Anyway, because of the way we've been moving through math, we just recently started the third grade Singapore Challenging Word Problems and we are still in third grade Beast Academy. For the past several months he has been calling himself stupid and thinks he's terrible at math because he is so "behind." I feel terrible because part of the reason we are "behind" is because we stop here and there to do other things and because we have moved twice during the summer/fall and school just didn't always happen as often as it should have. I don't feel behind at all, because I see him progressing and learning all the time. I think he's doing great.

 

However, in an effort to build his self confidence, I decided to get him Teaching Textbooks, because I had heard they were usually a year or two behind other math programs. I looked through the grade levels and picked out sixth grade. I looked through the whole book and he already knows how to do everything in the book. Not all of it is necessarily easy, but he can do everything in there. I thought about going to a lower level, but I don't want his math to be all busy work. 

 

At first the plan seemed to be going well.

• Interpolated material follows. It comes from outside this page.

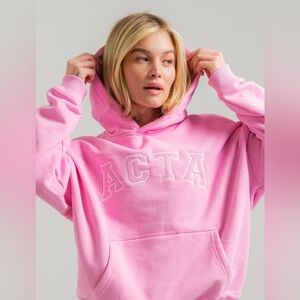 Acta Large/XL Essential Baby Pink Hoodie. 💕⚡️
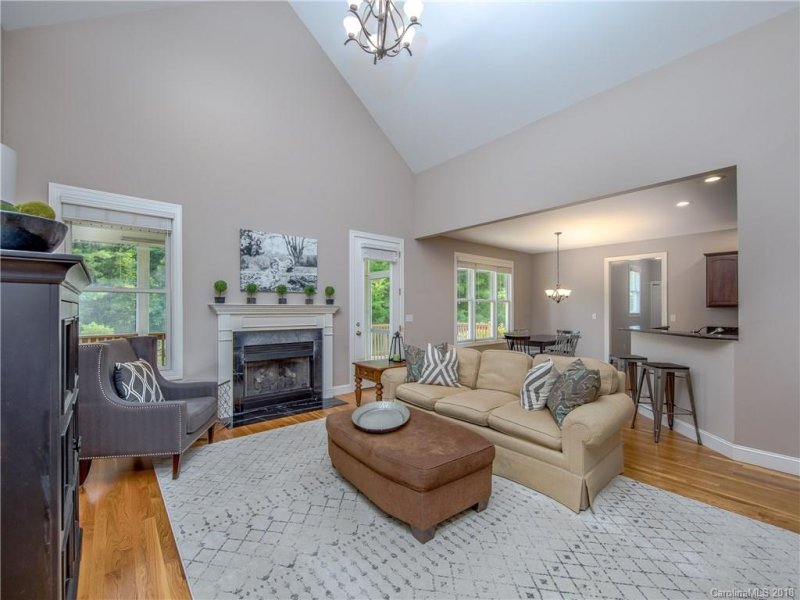 Property image 4 at 910 Rickel Drive, Hendersonville, NC 28739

Teaching Textbooks was super easy for him and he seemed to be gaining confidence. But the last several lessons have been causing stress again. Not because he's getting very many things wrong. He always gets a 95 or a 100 percent. But he's doing it on the computer and I hear screaming coming from the computer every day as he get's upset if he misses something (it gives you two tries on every problem). He rarely needs two tries, but when it does happen he becomes irrationally upset. Sometimes he will even storm out of the computer room and into his bedroom, slamming the door and talking about how stupid he is.

 

So now I am at a loss. I personally prefer Singapore Math because it is a challenging program that really makes you think. I think in the end, after completing it, he will be able to approach problems more creatively than if he didn't do the program. I only switched because I don't want him to hate math. He is really very smart and I hate to hear him get down on himself. So what does everyone think? I hate to jump around from program to program too much. But I want him to regain his confidence and at least not hate math.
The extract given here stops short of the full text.